How (memory) safe is zig?

I keep seeing discussions that equate zig's level of memory safety with c (or occasionally with rust!). Neither is particularly accurate. This is an attempt at a more detailed breakdown.

This article is limited to memory safety. See Assorted thoughts on zig and rust for a more general comparison.

I'm concerned mostly with security. In practice, it doesn't seem that any level of testing is sufficient to prevent vulnerabilities due to memory safety in large programs. So I'm not covering tools like AddressSanitizer that are intended for testing and are not recommended for production use. Instead I'll focus on tools which can systematically rule out errors (eg compiler-inserted bounds checks completely prevent out-of-bounds heap read/write).

I'm also focusing on software as it is typically shipped, ignoring eg bounds checking compilers like tcc or quarantining allocators like hardened_malloc which are rarely used because of the performance overhead.

Finally, note the 'Updated' date below the title. Zig in particular is still under rapid development and will likely change faster than this article updates. (See the tracking issue for safety mechanisms).

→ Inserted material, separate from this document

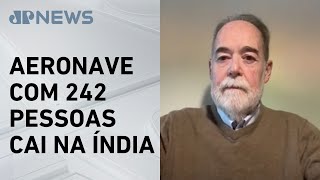O que pode ter ocorrido na queda de avião na Índia? Especialista analisa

I see two major categories of safety mechanisms:

Adhoc runtime checks. These appear in all zig and rust codebases but are very rare in idomatic c. Many of these checks are also idiomatic in modern c++ codebases but are hamstrung by backwards-compatible interfaces. These checks are easy to implement and probably sufficiently non-controversial that any new systems language will have similar features. Examples include:

Pervasive use of a slice type (pointer + length) and bounds-checking reads/writes of those slices.
Disallowing null pointers, except via an 'optional' type which cannot be derefenced without checking for null.
Builtin support for tagged unions which cannot be accessed without checking the tag.
Automatic checking of over/underflow in arithmetic and when casting between numeric types.
Using a separate type for null-terminated strings, to prevent accidentally passing a non-null-terminated string when a null-terminated string was expected (usually when interfacing with c/c++ code).
Tracking pointer alignment in the type system and checking for correct alignment when casting between pointer types.

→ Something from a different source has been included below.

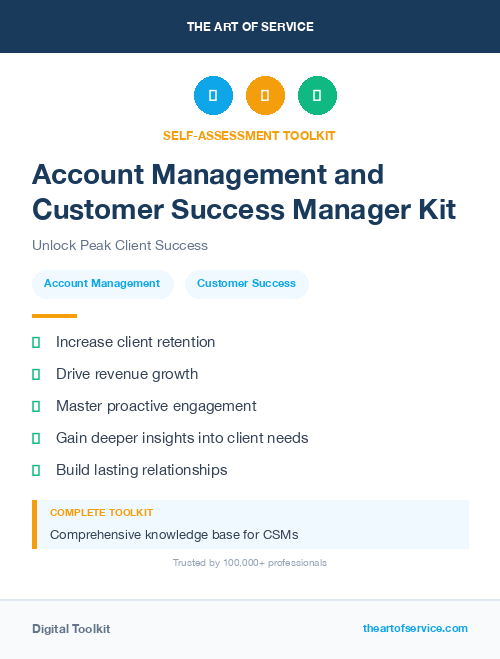 Account Management and Customer Success Manager Kit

Composable compile-time proofs. These are unique to rust and are novel, non-trivial to implement and add a significant amount of complexity to the language. The 'composable' part is key. 'Unsafe' code allows adding new axioms to the system, and the compiler verifies that those axioms are composed in valid ways. All rust code is built out of combinations of a small number of such axioms. This is why it has been possible to write complex systems in rust with very little unsafe code and a high level of memory safety, whereas after-the-fact global static analysis has been limited to much more restrictive coding styles. This is also why I don't expect to see a post-hoc static analysis tool for zig that approaches the same level of safety and flexibility that rust achieves - the library apis have to be designed with the proof system in mind.

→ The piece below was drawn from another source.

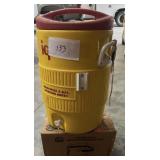 5 gal water cooler with rack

Zig also has some improvements over c which don't fit into either of these categories:

The standard library includes a set of allocators which catch use-after-free and double-free at runtime. It's not yet clear how high the runtime and memory overhead will be. Similar allocators do exist for c and are not widely used, which makes me somewhat pessimistic, but I'd be happy to be proved wrong.
The pervasive allocator api makes it easier to use arena allocation or garbage-collected pools to simplify lifetime management.
Using defer and errdefer simplifies resource cleanup inside complicated control flow, reducing the possibility of mistakes.
Support for generics almost entirely eliminates the need to cast to/from void pointers.
In zig creating an unitialized variable also requires using the undefined keyword which helps flag such cases for review. In debug/release-safe, assigning undefined to a variable or pointer also fills that memory region with 0xAA, increasing the chance of an immediate crash on access and making debugging easier.
In c unitialized variables are often used when the variable can't easily be initialized by a single expression. In zig it's often possible to avoid uninitialized variables by using a labeled block that returns the initial value, or using an optional type and initializing it to null.
@bitcast produces compile errors if you try to cast between two types with incompatible or undefined representations.
When compiling c code, the zig compiler has safer default options than gcc or clang (eg asan is enabled by default).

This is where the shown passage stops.